City approves first Street Response Team

Beverly Corbell | 11/26/2019, 4:15 p.m.
The city of Portland is trying a new approach to helping the city’s homeless population by stressing compassion and crisis ...
A person sleeps next to a wheelchair on a park bench, downtown. (AP file photo)

The city of Portland is trying a new approach to helping the city’s homeless population by stressing compassion and crisis prevention with designated first responders instead of strictly law enforcement by police. The Portland City Council last week approved the plan advocated by City Commissioner Jo Ann Hardesty that outlines a pilot program called Portland Street Response.

A two-person team will form the first Street Response team and will respond to 911 calls in the Lents neighborhood of southeast Portland that don’t involved weapons or use of violence, and will be qualified as trained crisis workers rather than police officers.

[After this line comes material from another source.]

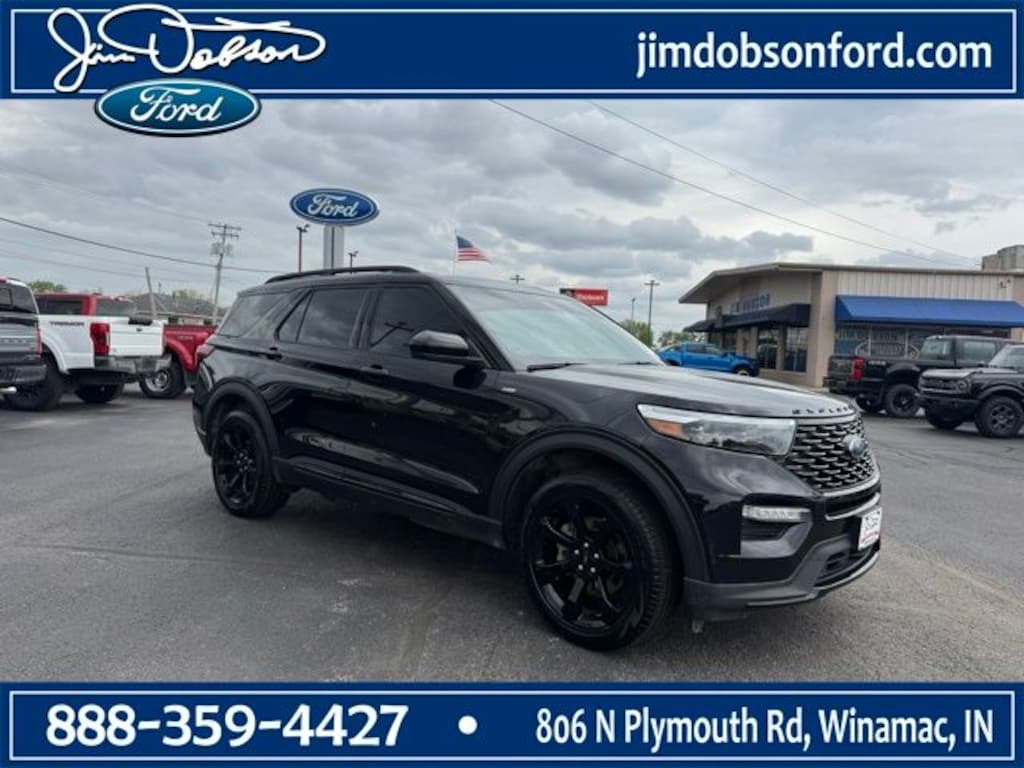 Used 2023 Ford Explorer ST-Line SUV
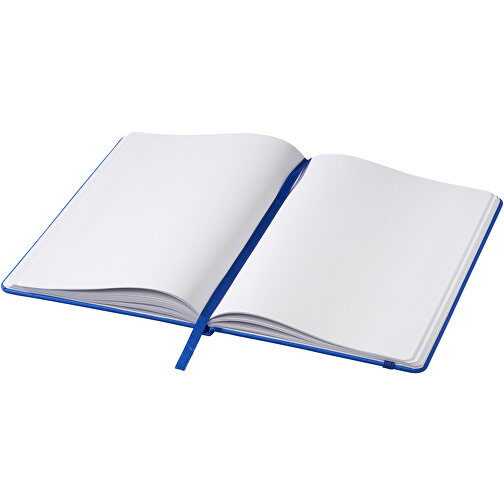 Spectrum A5 Notizbuch Mit Leeren Seiten , royalblau, PU Kunststoff, 21,00cm x 1,20cm x 14,80cm (Länge x Höhe x Breite), Bild 2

Examples of non-emergency calls could be about someone lying in the street, people making excess noise in city parks or suspected drug use.

The council approved $500,000 in May for the pilot program, which is set to start next spring, also drawing support from Mayor Ted Wheeler.

“Historically, it’s been up to the police to shoulder most of the responsibility as first responders in crisis calls, but in many cases, police are not the right resources to respond,” Wheeler said.

Darren Golden of the Urban League of Portland told Oregon Public Broadcasting the new Street Response effort could help with the relationship between communities of color and the police.

“It’s no secret that the black communities in Portland have deep-seated, well-earned mistrust with the Portland police and that is magnified for our black houseless neighbors,” Golden said. “It’s time for Portland, being the progressive city that it is, to stop taking active steps to criminalize poverty and instead adopt a public health approach to begin repairing our community.”